If a countable infinity can be ‘counted’ by 1 counter working forever, can its powerset be counted by an infinity of counters working forever

elementary-set-theory

I realize an infinite set of Aleph-one cardinality is also known as uncountably infinite, but if you had a countably infinite set of counters to collectively assign to the task, could it be achieved? Would starting from the set for which its the powerset of help? Could I use the proof below on infinity ink at: http://www.ii.com/math/ch/#expCH

The set of reals between 0 and 1 can be represented by the set of all countably infinite sequences of 0's and 1's . Think of these as representing binary "decimals" between .000000… and .111111… . In this representation .1=1/2, .01=1/4, .11=3/4, etc.

The power set of the natural numbers, P(N), can also be represented by the set of all countably infinite sequences of 0's and 1's. Each sequence represents a subset of N by interpreting a 0 in position n to mean that the number n is not in the subset and a 1 in position n to mean the number n is in the subset. This way of specifying a set is called the "characteristic function" of the set.
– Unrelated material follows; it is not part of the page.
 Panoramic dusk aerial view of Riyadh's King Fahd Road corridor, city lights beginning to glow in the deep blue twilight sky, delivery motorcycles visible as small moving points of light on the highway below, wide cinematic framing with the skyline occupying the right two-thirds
One way to represent all countably infinite sequences of 0's and 1's is to use Cartesian product notation:

{0, 1} x {0, 1} x {0, 1} x … = {0, 1}^aleph0
Since in set theory {0, 1} = 2, we can also write this as:
2^aleph0

thanks in advance!

Best Answer

First of all, $2^{\aleph_0} = \mathfrak{c}$, the cardinality of the continuum. Now $\aleph_1 = \mathfrak{c}$ is exactly the Continuum Hypothesis.
Second, if by "an infinity of counters" you allow a non countable infinity, then yes :)
As for the question itself, since you are considering counters, and they can change their state at most a countable amount of times, then they won't be able to count to $\mathfrak{c}$.
Suppose they could, then we would have a uncountable amount of states our counters covered, which means at each step at least one of the counters changed its state, then by the Pigeon Hole Principle, since we have a countable set of counters and an uncountable amount of changes, so at least one of the counters must have chaged its state an uncountable amount of times. A contradiction.